Karl der Große liebte das gemeinsame Bad mit Vertrauten
Karl bewies besondere Geschicklichkeit und außerordentliches Können in der Beherrschung des Wassers. Seine Schwimmkünste sind für Bredekamp Ausdruck einer "körperbezogenen Ikonologie". In der von ihm verfassten Lebensbeschreibung hat Karls Biograf Einhard darauf hingewiesen, dass Karl ein außerordentlich guter Schwimmer war. Er liebte es, bei einem gemeinsamen Bad mit seinen Söhnen und den engsten Vertrauten zusammen zu sein. Ein Schwimmbad von stattlicher Größe gehörte zur Aachener Kaiserpfalz. Karl nutzte es, um beim Baden eine Gemeinschaft herzustellen und für Schwimmwettkämpfe, bei denen er stets als Sieger hervorging.
Seine beeindruckende körperliche Kondition stellte er auch deshalb unter Beweis, weil es ein Recht auf Verschwörung gab, wenn der Herrscher sein Pferd nicht mehr kraftvoll besteigen und seine Waffen nicht mehr tragen konnte, wenn er taub oder blind war. Für eine Verschwörung gab Karls makellose körperliche Konstitution nie Anlass.

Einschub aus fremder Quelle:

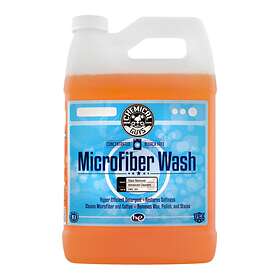 Chemical Guys Microfiber Wash 3,7l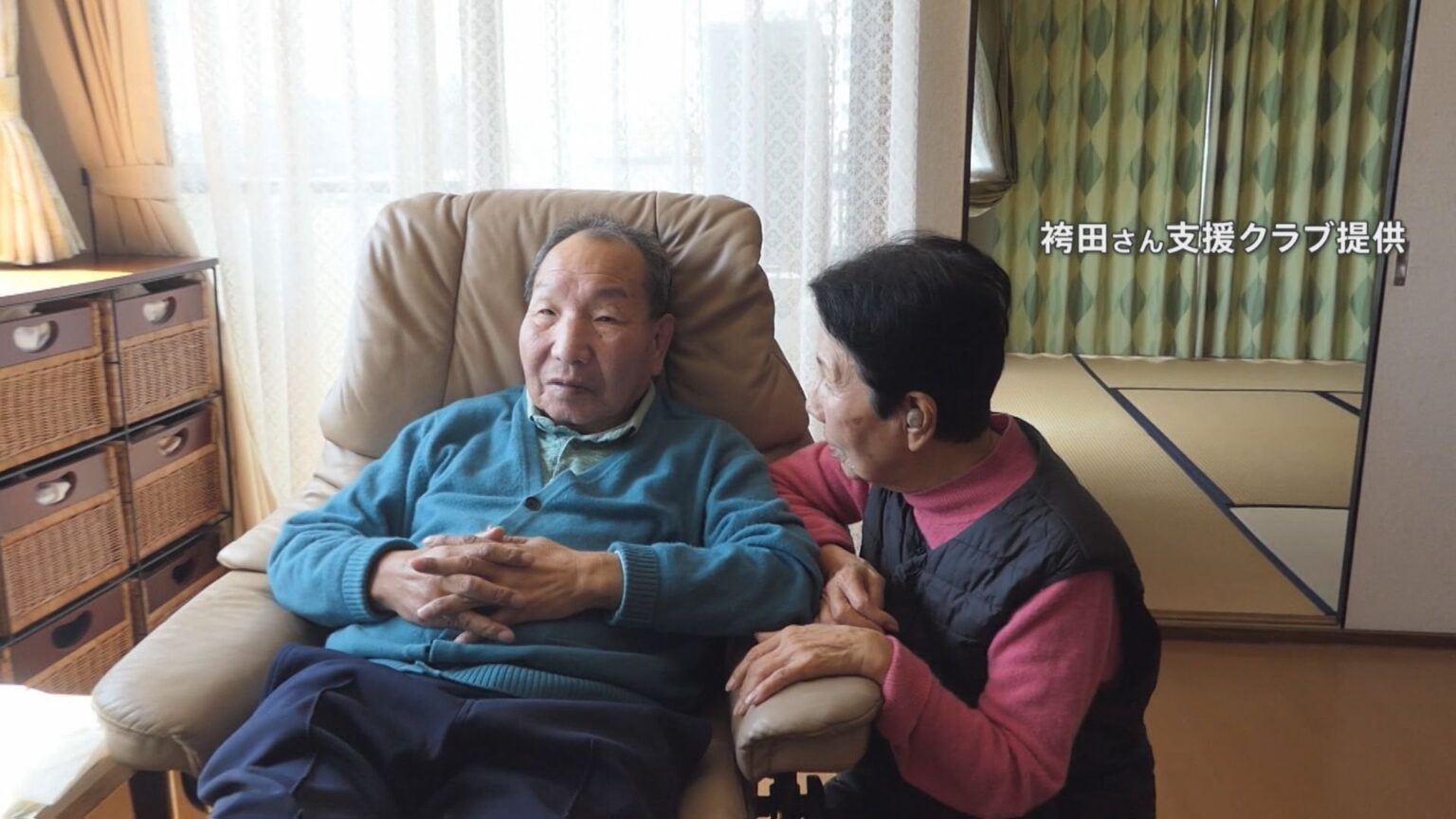 検察「絶対に袴田が犯人だけど裁判に勝てないから、やめといてやるわ」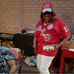 Freida Moore - Facebook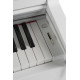 GEWA UP-365 (White Matt)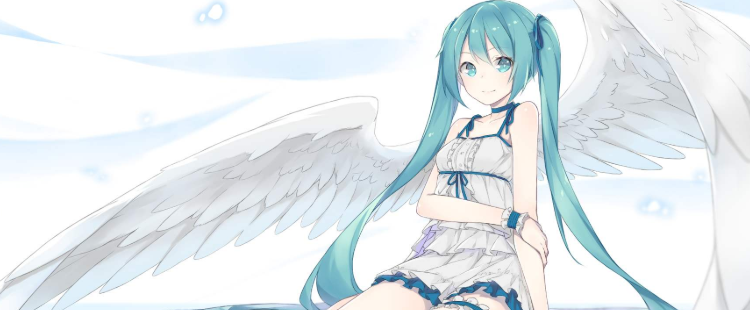 手机好玩的三国策略游戏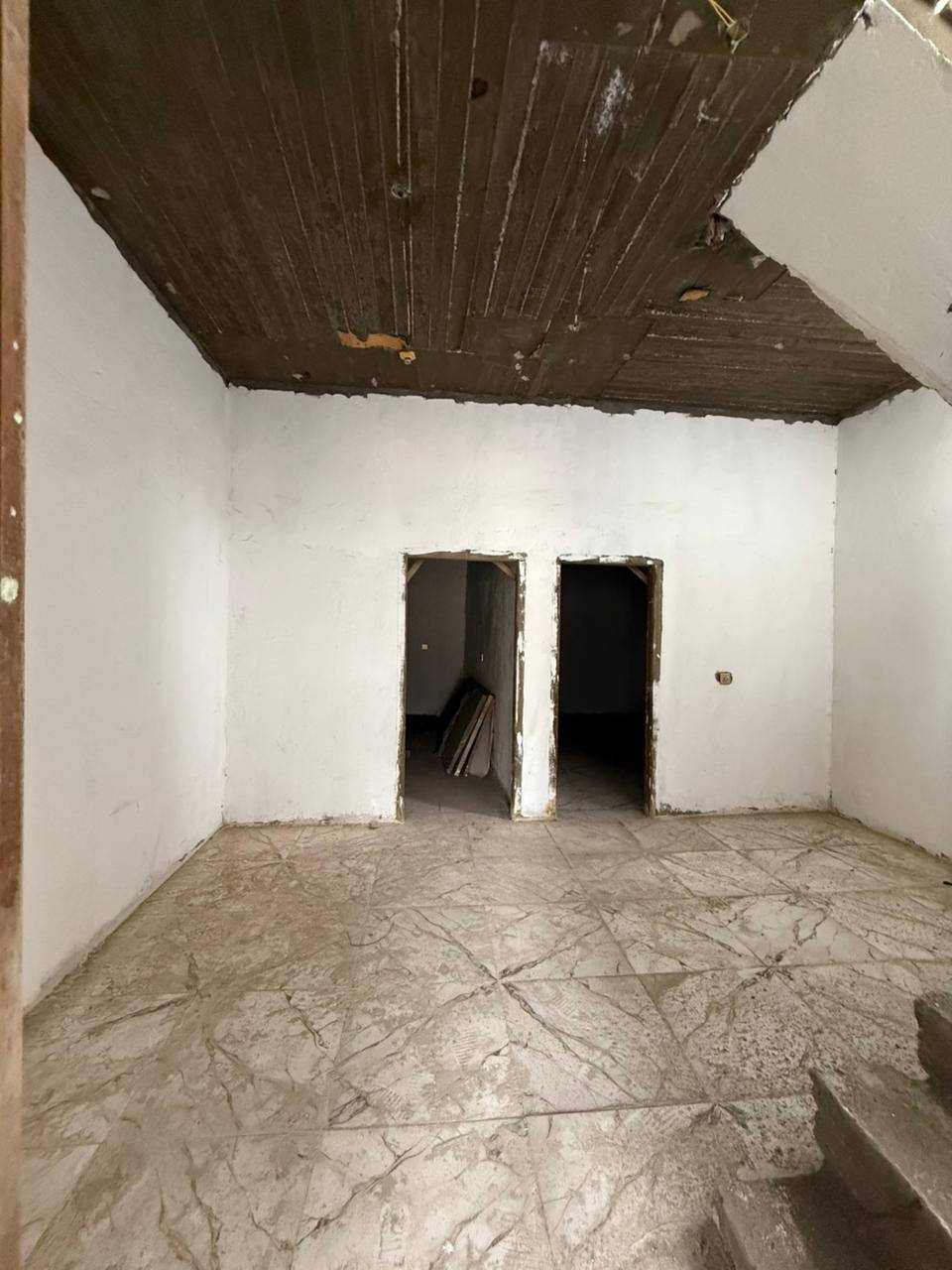 أسعد ألله أوقاتكم بكل خير 🌹
اللاستفسار ***********
توفر دار سكن لبيع🔹
ألمساحه 130 م ⚡
دار ركن على شارعين
 شارع تبليط 10 م

جميع الخدمات متوفره
مدارس قريبه عليك + ماء + كهرباء + مجاري
محتويات البيت
كراج 
دوانيه 
صاله
مطبخ
غرف منام عدد2
صحيات
نوع العقار : طابو ملك صرف زراعي تتكاتب وي مالك الأرض مباشرةً 

العنوان : أبي الخصيب طريق الوصطي مقابيل مدارس طيور الخصيب الاهليه تبعد عن طريق الوصطي 50 م

سعر 49 وبي مجال
اللاستفسار ***********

Nach Bredekamps These zeigte sich Karls besondere Regierungskunst darin, dass sie Stabilität garantierte, ohne statisch angelegt zu sein. Sie war in ihrem Ursprung fluid, wobei sich das Wasser als ein Grundelement dieser Politik erwies. Das Fließende, Bewegliche wurde zum Garanten des Regierungsstils von Karl dem Großen. Der Herrscher bewies seine Klugheit, indem er die Eigenschaften des Elementes Wasser zu den seinen machte. Das Schwimmen – dies verdeutlicht Bredekamp in seiner kenntnisreichen und sehr gut geschriebenen Monografie – darf als ein überraschendes Moment der politischen Ikonologie angesehen werden.

Horst Bredekamp: Der schwimmende Souverän. Karl der Große und die Bildpolitik des Körpers.